I struggled with the following error for a good while before figuring out a solution:

1>CudaBuild:
1> Compiling CUDA source file CalcHomography.cu…
1>
1> C:\Projects\UAV\Source\Libraries\Technology\CAGpu>“C:\Program Files\NVIDIA GPU Computing Toolkit\CUDA\v4.2\bin\nvcc.exe” -gencode=arch=compute_20,code="sm_21,compute_20" --use-local-env --cl-version 2010 -ccbin “c:\Program Files (x86)\Microsoft Visual Studio 10.0\VC\bin\x86_amd64” -I"C:\Program Files\NVIDIA GPU Computing Toolkit\CUDA\v4.2\include" --keep-dir “x64\Release” -maxrregcount=0 --machine 64 --compile -Xcompiler "/EHsc /nologo /Ox /Zi /MD " -o “x64\Release\CalcHomography.cu.obj” “C:\Projects\UAV\Source\Libraries\Technology\CAGpu\CalcHomography.cu”
1> CalcHomography.cu
1> tmpxft_00000568_00000000-0_CalcHomography.cudafe1.gpu
1> tmpxft_00000568_00000000-5_CalcHomography.cudafe2.gpu
1> CalcHomography.cu
1> UNREACHABLE executed!
1>
1> This application has requested the Runtime to terminate it in an unusual way.
1> Please contact the application’s support team for more information.
1>C:\Program Files (x86)\MSBuild\Microsoft.Cpp\v4.0\BuildCustomizations\CUDA 4.2.targets(361,9): error MSB3721: The command ““C:\Program Files\NVIDIA GPU Computing Toolkit\CUDA\v4.2\bin\nvcc.exe” -gencode=arch=compute_20,code="sm_21,compute_20" --use-local-env --cl-version 2010 -ccbin “c:\Program Files (x86)\Microsoft Visual Studio 10.0\VC\bin\x86_amd64” -I"C:\Program Files\NVIDIA GPU Computing Toolkit\CUDA\v4.2\include” --keep-dir “x64\Release” -maxrregcount=0 --machine 64 --compile -Xcompiler “/EHsc /nologo /Ox /Zi /MD " -o “x64\Release\CalcHomography.cu.obj” “C:\Projects\UAV\Source\Libraries\Technology\CAGpu\CalcHomography.cu”” exited with code 3.
1>
1>Build FAILED.

As you can see, I’m using CUDA 4.2 (on 32-bit VS 2010 Pro, cross-compiling for x64 on a Windows 7 box).

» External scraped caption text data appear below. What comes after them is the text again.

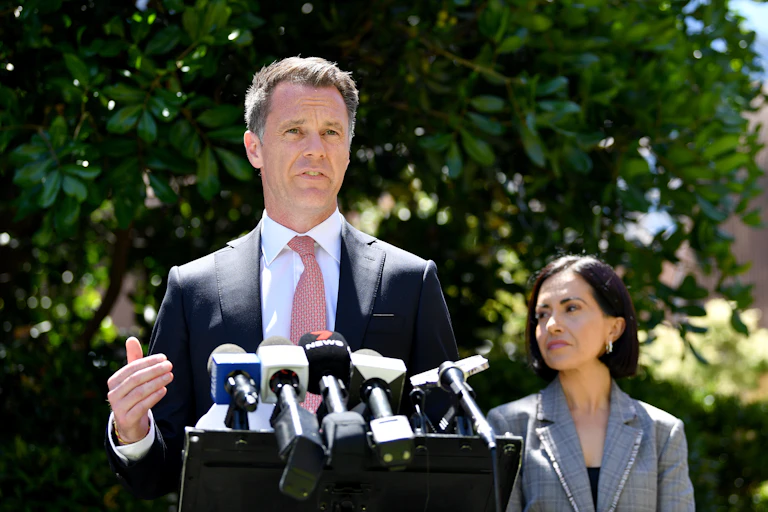 NSW Labor leader Chris Minns at a press conference with shadow education minister Prue Car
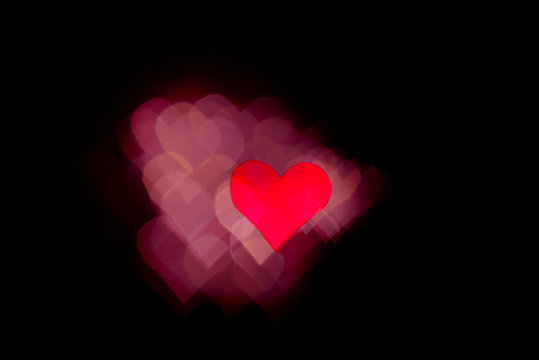 Abstract light, red bokeh pattern in heart shape. St Valentides Day or Holiday concept, background image.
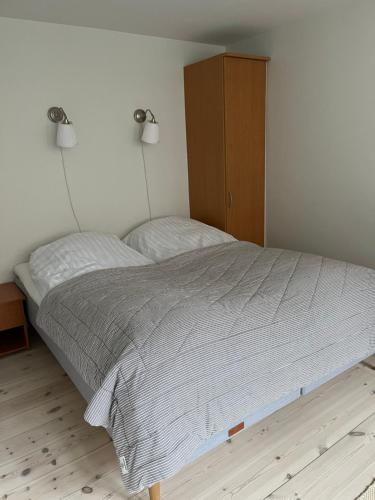 a bedroom with a large bed with a wooden cabinet at Kerteminde-ferielejlighed in Kerteminde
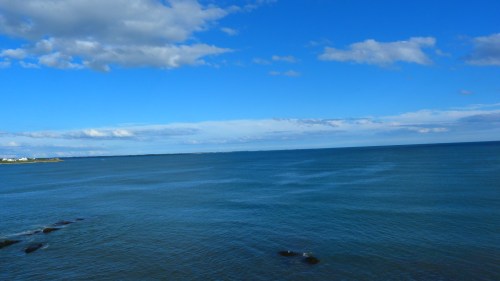 A serene ocean view under a bright blue sky with scattered clouds and gentle waves.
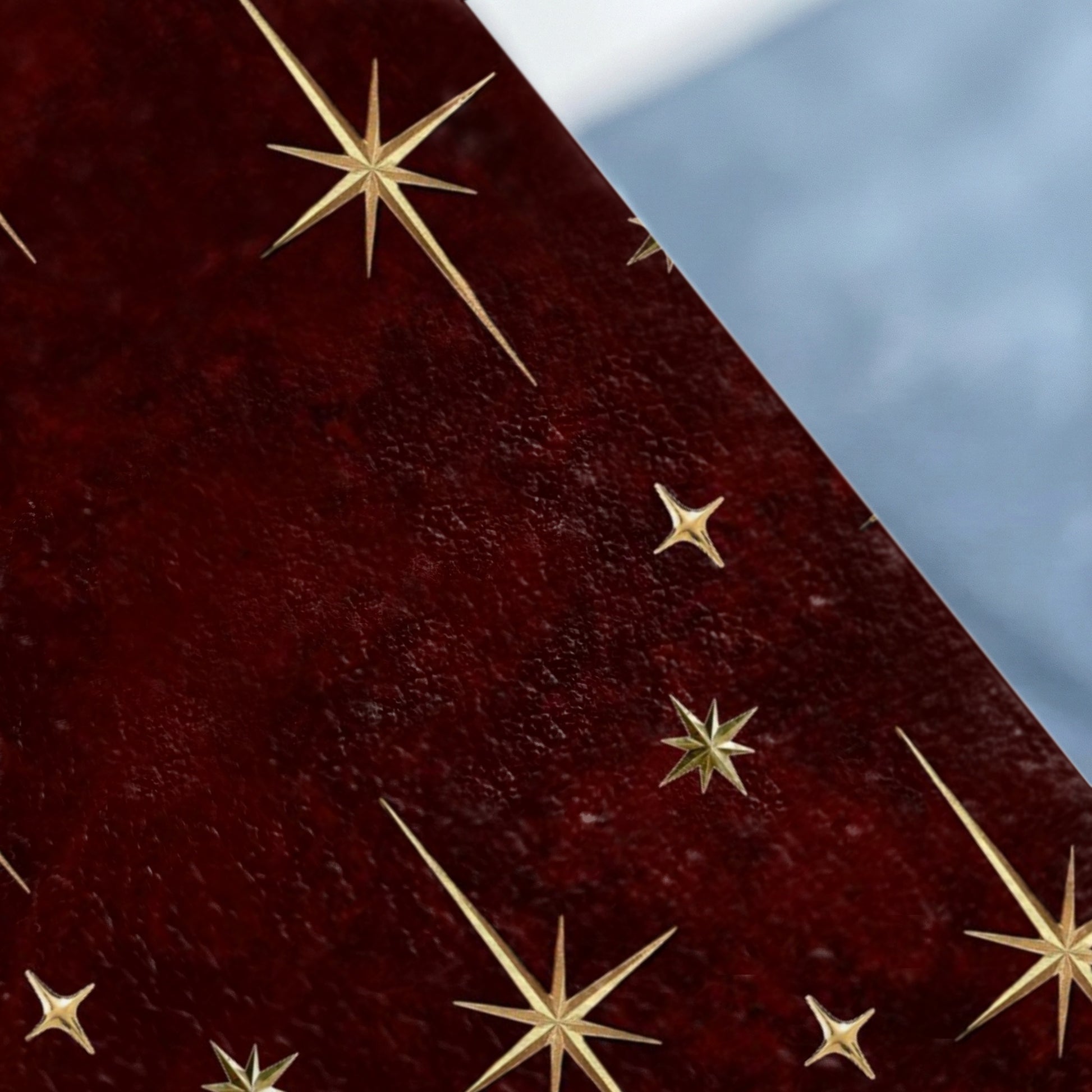 Dark red textured surface with scattered gold starburst designs and a blurred light blue background.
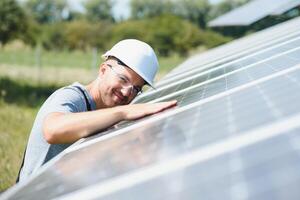 confident man and power solar station photo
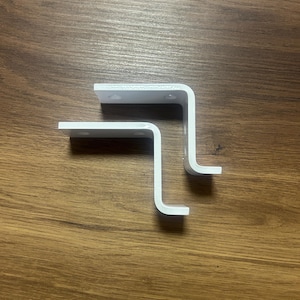 Puede incluir: Dos soportes de estante de metal blanco, cada uno con un ángulo de 90 grados, se muestran sobre una superficie de madera.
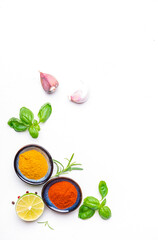 Food, cooking, spices background, ground chili pepper and turmeric, rosemary, garlic, lime, Indian and Asian cuisine ingredients, white copy space, top view
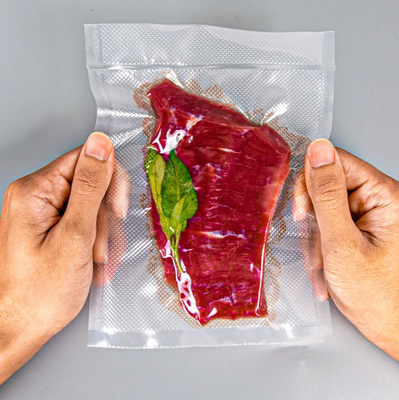 Groothandel Op maat gedrukte compressie vacuümverpakkingszak vacuümverzegelingszak plastic zak voor voedsel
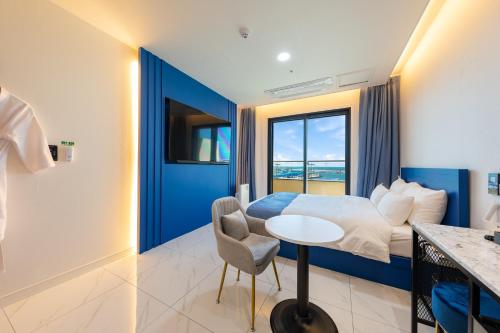 a hotel room with a bed and a table with a chair at Donghae Sunshine in Mukho-dong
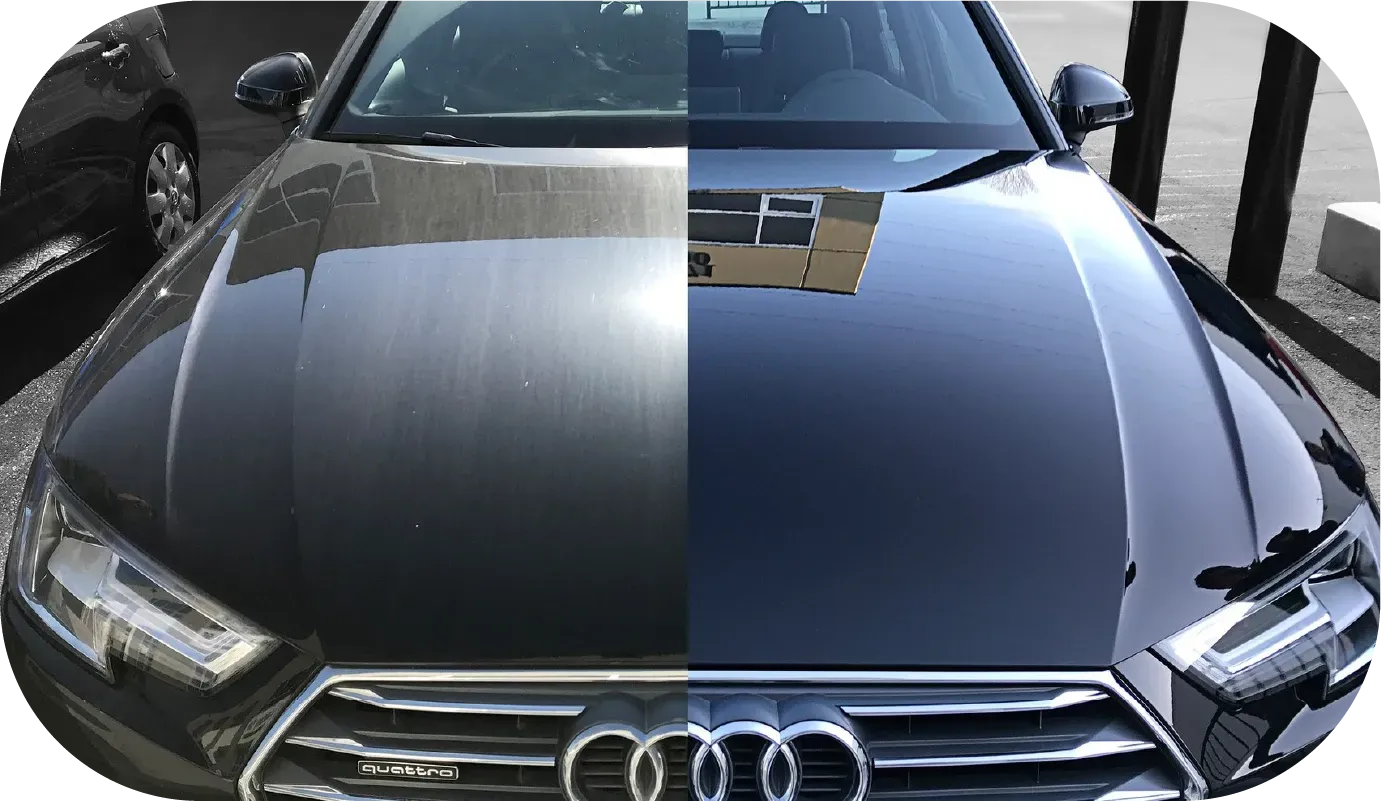 Black Audi RS4, silver wheels, parked near a green and white van, outdoors.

In CalcHomography.cu at one point I call a long (>200 lines) SVD device function, and commenting out the call stopped this error. I was baffled that when doing a test, making a call to the same SVD function from another, smaller calling function would compile fine. Eventually, I tried adding noinline to SVD declaration, and it worked. In other words, it seems the compiler just fails when the function (with inlining) gets too big. The weird thing is that it seems to be happening on the host pass (after the .gpu files have been generated), and I have no idea why the CPU compiler would have an issue with device-only code. Anyway, hope this helps someone else.

-Nick

This looks like some sort of internal compiler error to me. I am glad you found a workaround by disabling inlining, but since this happens with the CUDA 4.2 compiler when targetting sm_2x, it would be very helpful if you could file a bug against the compiler, attaching a self-contained repro case. Thank you for your help!